Wednesday, October 27, 2021

Nietzsche and nihilism - summary

For Nietzsche, nihilism is the result of the conviction that there are no absolute truths and values. This results in a "belief in absolute worthlessness, that is, meaninglessness"
Nietzsche viewed nihilism genealogically as the result of a historical process that spanned from ancient Greece to Christianity. The loss of belief in a god, as it was taught in antiquity by Socrates and Plato, in Judaism and then in Christianity, leads to a destruction of the traditional world view and thus to a devaluation of all previous values. “What does nihilism mean?" asks Nietzsche "That the highest values ​​are devalued”. With the philosophy of Kant the end of religions and metaphysical belief was ushered in. For the sciences, too, this means that they no longer have a secure foundation. There is no longer any absolute truth. “That there is no truth; that there is no absolute nature of things, no "thing in itself" - this is itself a nihilism, and indeed the most extreme" Correspondingly, there is no longer any standard for morality either. Nevertheless, nihilism in its complete form would be the realization of the pursuit of truth and truthfulness.  Nietzsche not only wanted to remain destructively in pessimism like Schopenhauer, but was looking for a perspective to overcome nihilism.

The history of nihilism can also be seen as a process from the loss of the old (pre-Socratic) values ​​through which the true world became a fable, to metaphysics and to the Judeo-Christian forms of a dogmatic religion. The story of the overcoming of dogmas in the Renaissance and the Enlightenment follows a “logic of decadence”, a decline in values ​​and a transition to slave morality . The result is disorientation and ambiguity, the highest expression of which is nihilism in its pure form. According to Nietzsche, a foundation of meaning can only be found through new values ​​that are not developed from the mind, but are achieved through a voluntary affirmation of the world. 

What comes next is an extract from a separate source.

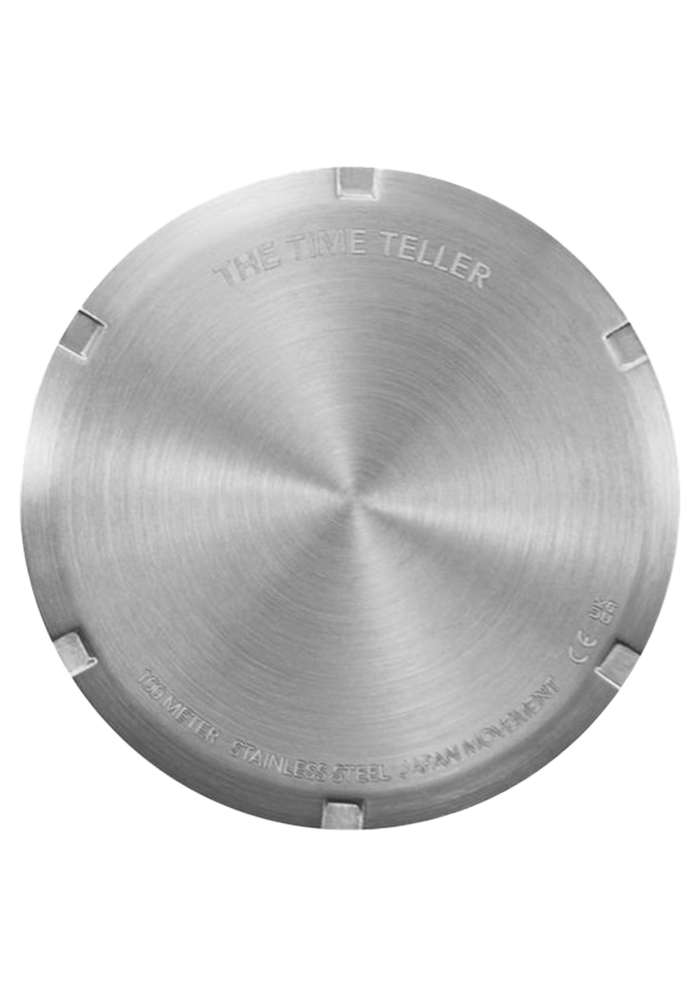 Time Teller - Silver / Coral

 Instead of God (who died) as the idea of ​​the world ground, Nietzsche puts the idea of eternal return, the idea that everything that has happened has already happened infinitely often and will return infinitely often. The one who succeeds in creating new values by revaluing all values is the man of the future, the superman , at the same time antichrist and overcomer of God as well as anti-minihilist and conqueror of nothing.  The action of the new person follows the driving force of the will to powerand overcomes nihilism by saying yes to inevitable fate, expressed through the term amor fati ("love of fate").